The result of the measurement is displayed in the graph area, information about the measurement appears in the Measurements Panel. Measurements are given a default name of the date and time at which they are made, a more appropriate name can be entered in the box at the top of the measurements panel.
For impedance measurements when the mouse cursor is within the graph panel
the equivalent series resistance + inductance or resistance + capacitance
and parallel resistance||inductance or resistance||capacitance of the impedance
at the cursor position is shown at the bottom left corner
of the graph.

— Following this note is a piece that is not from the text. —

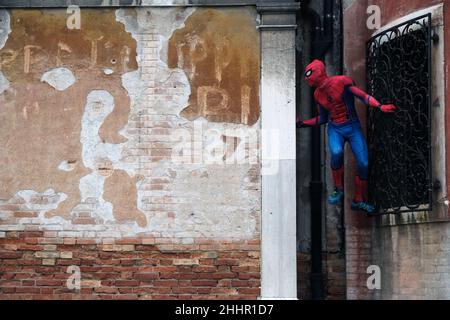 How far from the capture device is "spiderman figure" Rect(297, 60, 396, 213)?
11.1 metres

This may be useful when making measurements of inductors or
capacitors to check their value, but the
Component Model provides a much more
accurate equivalent circuit.
For details of the various ways of viewing the measured data, including averaging multiple measurements, refer to the Graph Panel help.
If the input channels have been connected the wrong way around the impedance measurements will be too high by approximately the value of the sense resistor, make a test measurement of a resistor (of less than 100 ohms) to check that everything is wired correctly. Swapped channels will also shift the phase by about 180 degrees.
The main source of measurement noise is acoustic noise and vibration during the measurement. Loudspeakers act as microphones, generating small voltages in response to sounds and vibrations that are picked up as part of the load voltage. To minimise this effect use long sweeps, low sense resistor values, avoid noisy environments and isolate the loudspeaker from vibration. Using a power amplifier to drive the speaker provides a much lower drive impedance, which reduces the effect of noise, and allows a low series resistor to be used.
REW provides a Noise filter option which applies a bandpass filter to the captured sweep, synchronised to the sweep frequency, to reduce the influence of noise. The High setting is suitable in most circumstances, but it may have a slight smoothing effect on very sharp resonances. If that is observed try the Medium or Low settings, or turn the filter off. When the filter is being used the sweep duration should be at least 10 seconds, a warning is shown if a shorter sweep is selected. Longer sweeps improve signal to noise ratios in the results with or without the noise filter.